**Task to carry out:**
Using the entries that follow, write out the line containing "Babies asleep in their food.", the line containing "C and C Home", and every line between them, exactly and nothing else.

**Items from a dataset:**
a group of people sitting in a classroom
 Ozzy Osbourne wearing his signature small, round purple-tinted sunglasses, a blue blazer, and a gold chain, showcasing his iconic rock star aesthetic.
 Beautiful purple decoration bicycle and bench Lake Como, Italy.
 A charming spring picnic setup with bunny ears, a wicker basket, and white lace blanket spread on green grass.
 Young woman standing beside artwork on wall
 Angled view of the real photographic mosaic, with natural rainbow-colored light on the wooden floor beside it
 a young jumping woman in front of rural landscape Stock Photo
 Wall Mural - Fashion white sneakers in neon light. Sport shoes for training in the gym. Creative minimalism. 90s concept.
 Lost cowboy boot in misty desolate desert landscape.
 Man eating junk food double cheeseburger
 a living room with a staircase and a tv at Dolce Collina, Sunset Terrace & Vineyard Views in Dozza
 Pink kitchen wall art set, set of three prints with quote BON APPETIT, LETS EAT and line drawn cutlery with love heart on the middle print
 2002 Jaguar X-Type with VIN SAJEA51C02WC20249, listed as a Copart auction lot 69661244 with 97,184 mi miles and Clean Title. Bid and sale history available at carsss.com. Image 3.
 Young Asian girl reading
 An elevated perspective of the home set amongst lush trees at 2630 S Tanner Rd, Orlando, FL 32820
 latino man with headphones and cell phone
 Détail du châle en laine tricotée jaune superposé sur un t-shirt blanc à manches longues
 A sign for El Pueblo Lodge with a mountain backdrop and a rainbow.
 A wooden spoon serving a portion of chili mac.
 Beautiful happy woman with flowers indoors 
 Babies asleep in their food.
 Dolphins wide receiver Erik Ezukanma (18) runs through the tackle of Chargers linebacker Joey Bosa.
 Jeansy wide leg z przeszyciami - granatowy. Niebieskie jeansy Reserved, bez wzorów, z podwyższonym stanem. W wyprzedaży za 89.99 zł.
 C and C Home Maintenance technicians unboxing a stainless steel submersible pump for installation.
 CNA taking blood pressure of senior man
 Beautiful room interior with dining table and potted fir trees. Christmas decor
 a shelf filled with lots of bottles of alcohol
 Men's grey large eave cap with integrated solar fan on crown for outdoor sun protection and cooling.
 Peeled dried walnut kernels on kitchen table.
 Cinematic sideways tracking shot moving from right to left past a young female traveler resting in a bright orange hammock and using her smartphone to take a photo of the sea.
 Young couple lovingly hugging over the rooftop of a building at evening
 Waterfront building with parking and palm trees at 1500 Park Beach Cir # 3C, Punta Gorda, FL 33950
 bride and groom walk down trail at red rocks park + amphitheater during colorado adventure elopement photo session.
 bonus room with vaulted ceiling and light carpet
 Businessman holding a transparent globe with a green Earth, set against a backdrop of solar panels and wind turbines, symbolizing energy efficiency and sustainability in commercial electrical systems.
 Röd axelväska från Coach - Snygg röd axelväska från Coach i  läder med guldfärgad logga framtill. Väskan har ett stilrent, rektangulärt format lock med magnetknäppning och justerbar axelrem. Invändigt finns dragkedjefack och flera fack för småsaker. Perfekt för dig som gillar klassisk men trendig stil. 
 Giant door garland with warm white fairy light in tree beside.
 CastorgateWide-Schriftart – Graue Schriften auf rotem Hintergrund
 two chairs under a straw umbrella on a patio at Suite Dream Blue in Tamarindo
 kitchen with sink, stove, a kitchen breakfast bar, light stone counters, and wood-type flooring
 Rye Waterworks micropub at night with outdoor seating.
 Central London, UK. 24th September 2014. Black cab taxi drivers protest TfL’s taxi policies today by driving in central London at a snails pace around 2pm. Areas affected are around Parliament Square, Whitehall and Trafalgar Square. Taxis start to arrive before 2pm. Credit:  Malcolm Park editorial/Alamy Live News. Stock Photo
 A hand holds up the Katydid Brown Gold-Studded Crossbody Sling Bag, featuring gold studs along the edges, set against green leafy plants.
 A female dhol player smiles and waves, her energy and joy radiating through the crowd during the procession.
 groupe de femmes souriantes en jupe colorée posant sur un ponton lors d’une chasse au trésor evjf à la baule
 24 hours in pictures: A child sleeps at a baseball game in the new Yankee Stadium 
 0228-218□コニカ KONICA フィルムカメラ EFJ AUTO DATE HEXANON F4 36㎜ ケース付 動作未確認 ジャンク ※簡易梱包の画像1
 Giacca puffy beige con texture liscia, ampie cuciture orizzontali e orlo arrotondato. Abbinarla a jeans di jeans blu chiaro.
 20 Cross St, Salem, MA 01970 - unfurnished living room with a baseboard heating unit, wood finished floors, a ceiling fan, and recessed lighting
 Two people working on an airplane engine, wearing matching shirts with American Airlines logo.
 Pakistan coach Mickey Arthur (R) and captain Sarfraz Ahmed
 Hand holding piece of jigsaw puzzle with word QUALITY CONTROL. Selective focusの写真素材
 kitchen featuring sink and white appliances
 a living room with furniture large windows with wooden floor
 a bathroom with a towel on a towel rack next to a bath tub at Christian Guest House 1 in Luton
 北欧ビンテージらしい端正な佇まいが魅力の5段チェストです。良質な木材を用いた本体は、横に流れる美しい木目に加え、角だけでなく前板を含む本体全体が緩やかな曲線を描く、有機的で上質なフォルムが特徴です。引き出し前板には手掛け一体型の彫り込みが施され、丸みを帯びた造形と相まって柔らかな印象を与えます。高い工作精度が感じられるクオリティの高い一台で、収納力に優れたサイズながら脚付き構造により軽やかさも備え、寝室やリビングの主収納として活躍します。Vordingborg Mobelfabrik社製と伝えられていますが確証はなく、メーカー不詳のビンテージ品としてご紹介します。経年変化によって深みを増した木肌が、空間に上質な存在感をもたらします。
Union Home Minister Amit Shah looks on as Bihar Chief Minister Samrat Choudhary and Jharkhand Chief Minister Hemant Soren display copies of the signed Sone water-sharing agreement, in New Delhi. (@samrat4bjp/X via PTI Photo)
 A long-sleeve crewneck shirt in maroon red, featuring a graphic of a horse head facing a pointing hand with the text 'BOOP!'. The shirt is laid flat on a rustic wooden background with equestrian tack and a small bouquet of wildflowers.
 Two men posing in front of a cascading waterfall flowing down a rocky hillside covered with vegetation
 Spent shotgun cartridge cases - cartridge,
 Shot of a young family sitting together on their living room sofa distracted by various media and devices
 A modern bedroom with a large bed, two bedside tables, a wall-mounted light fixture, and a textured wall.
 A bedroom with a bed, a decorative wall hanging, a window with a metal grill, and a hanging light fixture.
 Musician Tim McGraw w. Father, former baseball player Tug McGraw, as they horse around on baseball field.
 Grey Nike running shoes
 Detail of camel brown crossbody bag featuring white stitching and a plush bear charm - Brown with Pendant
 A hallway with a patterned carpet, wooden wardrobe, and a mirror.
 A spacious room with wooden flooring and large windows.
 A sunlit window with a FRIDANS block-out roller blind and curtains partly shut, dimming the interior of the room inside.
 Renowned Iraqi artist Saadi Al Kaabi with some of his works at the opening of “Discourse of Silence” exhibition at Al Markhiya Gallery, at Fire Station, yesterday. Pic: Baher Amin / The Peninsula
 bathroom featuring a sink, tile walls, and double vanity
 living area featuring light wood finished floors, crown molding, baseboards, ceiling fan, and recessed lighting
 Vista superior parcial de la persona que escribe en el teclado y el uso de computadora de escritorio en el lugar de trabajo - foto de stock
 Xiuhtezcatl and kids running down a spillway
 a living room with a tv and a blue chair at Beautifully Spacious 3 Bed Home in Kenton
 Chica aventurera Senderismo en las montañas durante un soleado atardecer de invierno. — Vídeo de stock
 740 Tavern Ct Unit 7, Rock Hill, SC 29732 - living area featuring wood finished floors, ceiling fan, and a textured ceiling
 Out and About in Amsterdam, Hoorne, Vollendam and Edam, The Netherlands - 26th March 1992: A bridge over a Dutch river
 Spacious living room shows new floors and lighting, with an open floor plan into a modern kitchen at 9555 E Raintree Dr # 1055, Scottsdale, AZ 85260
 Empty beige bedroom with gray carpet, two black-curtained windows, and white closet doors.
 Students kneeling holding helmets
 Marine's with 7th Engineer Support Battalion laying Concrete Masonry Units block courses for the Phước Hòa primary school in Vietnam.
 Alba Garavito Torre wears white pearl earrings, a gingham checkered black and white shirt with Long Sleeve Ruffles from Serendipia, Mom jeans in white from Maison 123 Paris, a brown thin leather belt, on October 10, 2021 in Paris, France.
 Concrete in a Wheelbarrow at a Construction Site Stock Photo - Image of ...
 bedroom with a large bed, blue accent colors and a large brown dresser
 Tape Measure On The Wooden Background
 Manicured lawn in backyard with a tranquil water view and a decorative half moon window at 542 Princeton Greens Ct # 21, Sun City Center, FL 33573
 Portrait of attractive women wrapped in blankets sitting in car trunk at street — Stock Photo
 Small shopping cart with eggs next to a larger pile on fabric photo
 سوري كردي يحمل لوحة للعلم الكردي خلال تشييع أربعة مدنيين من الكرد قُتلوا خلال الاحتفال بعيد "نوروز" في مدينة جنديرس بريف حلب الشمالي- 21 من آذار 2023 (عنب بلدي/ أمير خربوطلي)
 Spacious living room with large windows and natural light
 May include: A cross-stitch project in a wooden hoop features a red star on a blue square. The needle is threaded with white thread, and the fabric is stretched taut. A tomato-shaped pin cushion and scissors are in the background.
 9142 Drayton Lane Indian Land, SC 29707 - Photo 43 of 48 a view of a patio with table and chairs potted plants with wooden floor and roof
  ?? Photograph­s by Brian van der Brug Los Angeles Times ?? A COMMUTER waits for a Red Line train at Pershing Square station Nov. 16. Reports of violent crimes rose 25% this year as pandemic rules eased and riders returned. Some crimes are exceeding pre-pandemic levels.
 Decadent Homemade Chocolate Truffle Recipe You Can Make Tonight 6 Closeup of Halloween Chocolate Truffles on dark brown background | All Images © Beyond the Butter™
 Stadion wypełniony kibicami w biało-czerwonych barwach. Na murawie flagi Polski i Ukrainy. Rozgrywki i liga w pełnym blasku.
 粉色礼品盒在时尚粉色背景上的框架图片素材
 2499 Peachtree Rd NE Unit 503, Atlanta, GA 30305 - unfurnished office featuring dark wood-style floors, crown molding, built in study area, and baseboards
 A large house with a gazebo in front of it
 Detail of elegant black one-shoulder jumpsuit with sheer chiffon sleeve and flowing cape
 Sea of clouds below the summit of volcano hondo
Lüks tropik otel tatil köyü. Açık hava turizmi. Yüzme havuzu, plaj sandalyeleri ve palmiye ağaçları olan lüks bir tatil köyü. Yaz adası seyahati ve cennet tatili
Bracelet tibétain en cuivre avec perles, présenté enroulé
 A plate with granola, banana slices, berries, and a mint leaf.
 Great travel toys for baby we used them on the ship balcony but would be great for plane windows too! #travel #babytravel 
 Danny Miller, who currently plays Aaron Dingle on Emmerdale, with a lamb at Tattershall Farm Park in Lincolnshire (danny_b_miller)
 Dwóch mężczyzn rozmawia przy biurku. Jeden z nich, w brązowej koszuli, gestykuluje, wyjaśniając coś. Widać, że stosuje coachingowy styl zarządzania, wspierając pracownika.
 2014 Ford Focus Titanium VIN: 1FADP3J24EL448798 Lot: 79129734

**Result of this task:**
 Babies asleep in their food.
 Dolphins wide receiver Erik Ezukanma (18) runs through the tackle of Chargers linebacker Joey Bosa.
 Jeansy wide leg z przeszyciami - granatowy. Niebieskie jeansy Reserved, bez wzorów, z podwyższonym stanem. W wyprzedaży za 89.99 zł.
 C and C Home Maintenance technicians unboxing a stainless steel submersible pump for installation.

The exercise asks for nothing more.